The first couple of days of the 2006 Winter Olympics, we watched scenes of Torino come in to our standard-definition analog-cable-connected Sony in dismay. Instead of pristine HDTV pictures smoothly downsampled for our old-fashioned TV pleasure, Atlanta affiliate WXIA seemed to be providing some of the worst digital images I’ve seen in some time…overenhanced, “sharp” or “sizzly” to the point of being painful to watch. The graphics were mushy, barely readable. Snowy scenes had…well, take a bright image into Photoshop and apply the ‘sharpen’ filter about 230 times…they looked like that.

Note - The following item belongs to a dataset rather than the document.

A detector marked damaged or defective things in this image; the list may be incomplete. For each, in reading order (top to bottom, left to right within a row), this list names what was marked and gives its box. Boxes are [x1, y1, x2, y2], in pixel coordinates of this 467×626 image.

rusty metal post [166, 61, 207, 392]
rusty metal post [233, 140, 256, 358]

Closeups of Bob Costas or, worse yet, the attending US first lady Laura Bush were uh…grotesque.

Clearly, something was messed up, and the only information I could get from a somewhat distracted master control guy at WXIA was “oh yeah, for the first day or two the weather was really bad in New York.”

So what was he saying, snow fade had caused a loss of data between NBC New York and Atlanta? Well, that is possible, and in the age of digital everything, if you lose some of the bits, the black boxes make up for it with fake, interpolated bits that can pretty much have the effect I described. And there was a large snowfall in New York, a nor’easter that blew through and paralyzed air traffic. I suppose that might well have meant the uplinks were hammered too.

But the past couple of days, things have looked pristine. In some ways, it’s amazing the pipeline works at all. And for the curious, one of NBC’s engineers is blogging from Torino [update: that blog has disappeared!] about the whole operation, and he’s doing a good job of discussing the elaborate steps behind the scenes. This same engineer points to a thread elsewhere that discusses, among other things, the amazing (to a more visual guy like me) lengths they have to go through to create and preserve the Dolby 5.1 sound tracks (along with good old stereo like we listen to) that really enhances the HD experience.

I’ve also watched some of the coverage of curling, not because I’m much of a fan…not that I even understand what the heck they’re doing, but because NBC is trying an experiment there much like CNN tried with the last political conventions. They’re backhauling all of the camera and audio feeds from the curling venue (this is in standard-definition) to CNBC/MSNBC’s operation in Fort Lee, N.J. and directing the show from there. Then, of course, they have to send their output back to Torino so that the announcers know what they’re seeing. Sounds complicated (it is!) but apparently there’s big cost savings in not having to have that many more people over there eating fine Italian cuisine.

And there’s plenty of good Italian food in New Jersey, anyway.